Vous n’êtes pas vraiment un ami de la N-VA.

Je suis un chrétien-démocrate, et en tant que parti nous ne voulons pas avoir affaire à la N-VA. Le CD&V a toujours tiré la carte flamande, mais contrairement à la N-VA, nous faisons cela pour réaliser des objectifs concrets. Pour nous, José Happart ne pouvait devenir bourgmestre de Furnes – il n’a pas été nommé. Il fallait scinder la circonscription électorale Bruxelles-Hal-Vilvorde – elle a été scindée. À la N-VA, les choses restent abstraites. Aujourd’hui, le ministre-président flamand exhibe ses 40 milliards d’euros de compétences et de moyens flamands, mais deux fois il a rejeté cet argent. La N-VA l’a accepté volontiers qu’une fois que des partis comme le CD&V s’étaient mouillés. (Il s’énerve) C’est pourquoi je suis en colère contre la N-VA: depuis leur naissance, ils n’ont, même s’ils agitent aujourd’hui le drapeau catalan, pas contribué d’un gramme à l’autonomie flamande. Oui, la N-VA a dépassé le CD&V, mais uniquement à coup de slogans.

Herman et vous, vous vous querellez parfois à propos de politique?

Non, même si Herman applique la technique de mon père: quand il n’est pas d’accord, il se tait. (rires)

Vous êtes plutôt du type colérique.

J’ai mon caractère, mais je ne suis pas colérique, non ? J’ai toujours pensé ce que je disais, évidemment. Quand j’attaque Francken, cela vient du coeur. Je ne veux pas être tendre.

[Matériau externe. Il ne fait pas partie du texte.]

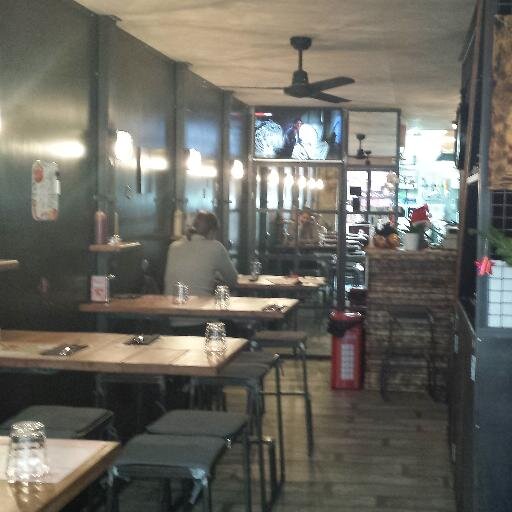 Spécialité: Burgers et Frites maison - Salle privatisable gratuite - Soirées étudiantes - Musique live - Expos photos - Menu cocktails -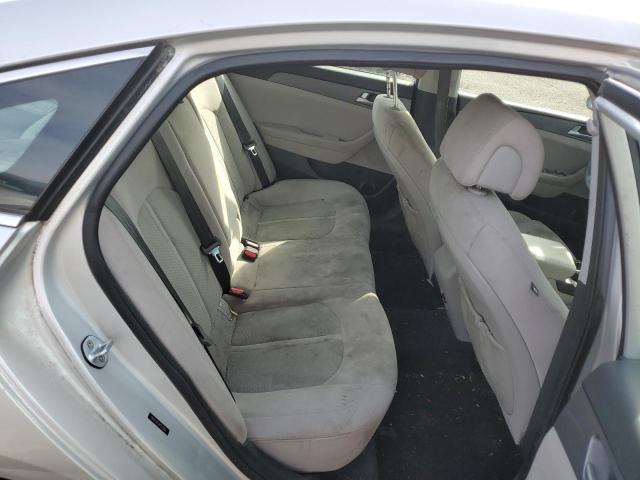Photo 10 from auction – 2017 HYUNDAI SONATA SE with VIN 5NPE24AF1HH513282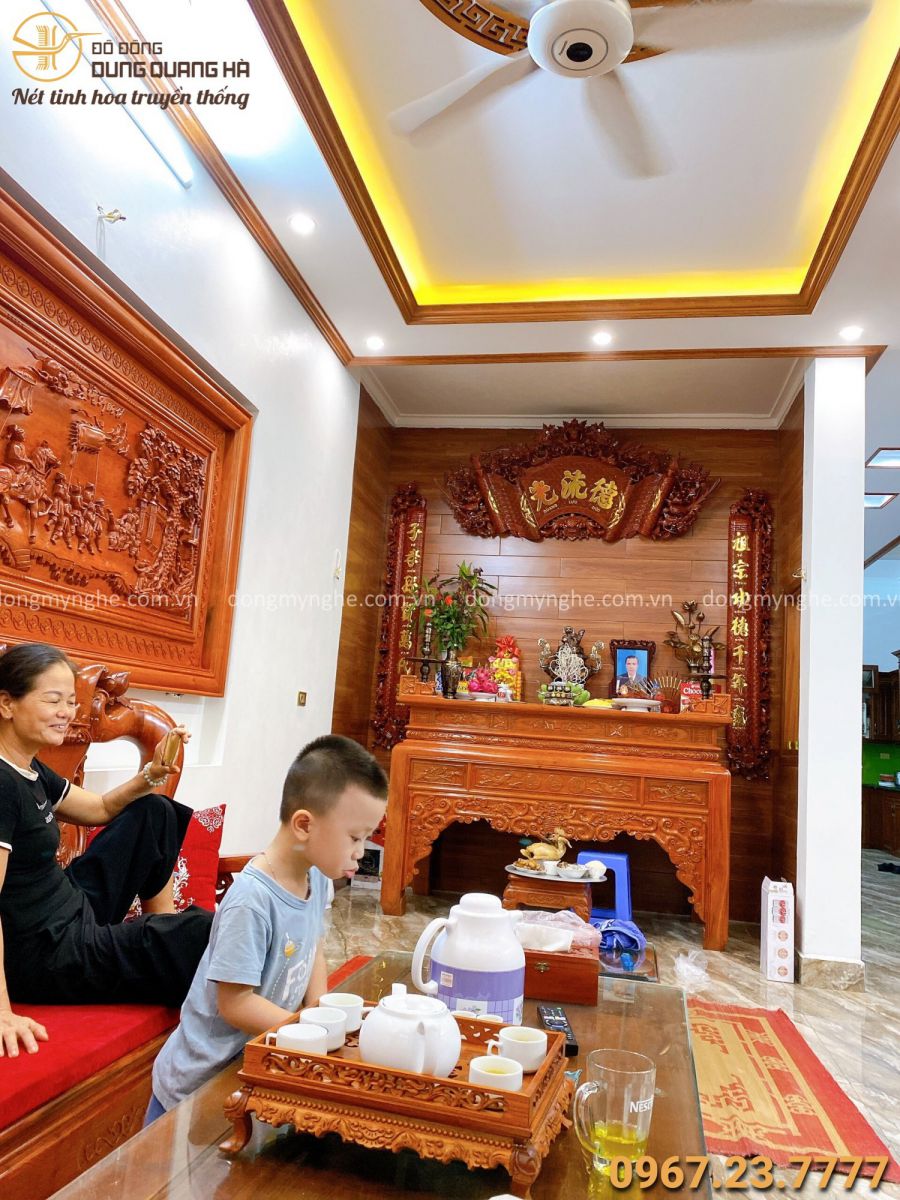 bộ đồ thờ trên bàn thờ gia tiên bộ đồ thờ trên bàn thờ gia tiên
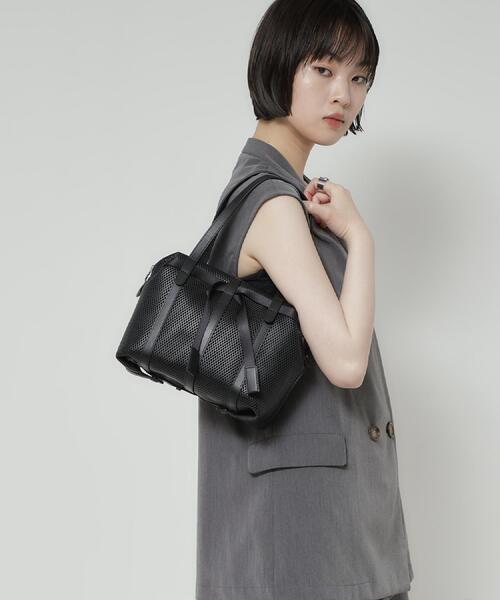 HIROKO HAYASHI（ヒロコハヤシ）の「PANIER（パニエ）ボストンバッグ（ボストンバッグ・レディース・オフホワイト/ベージュ系4/ブラック・00）」の15枚目の写真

Vous savez, je ne me suis jamais trahi. J’en suis fier. J’ai été ministre pendant quatre ans, et ensuite je me suis réinventé comme député. Mais je ne veux pas me survivre. C’est pourquoi j’arrête en 2019. J’écrirai mes mémoires. J’ai déjà le titre : « I Did It My Way », d’après la chanson de Frank Sinatra. « Regrets, I’ve had a few / But then again, too few to mention / I did what I had to do / But more, much more than this / I did it my way ». Cela les résume bien.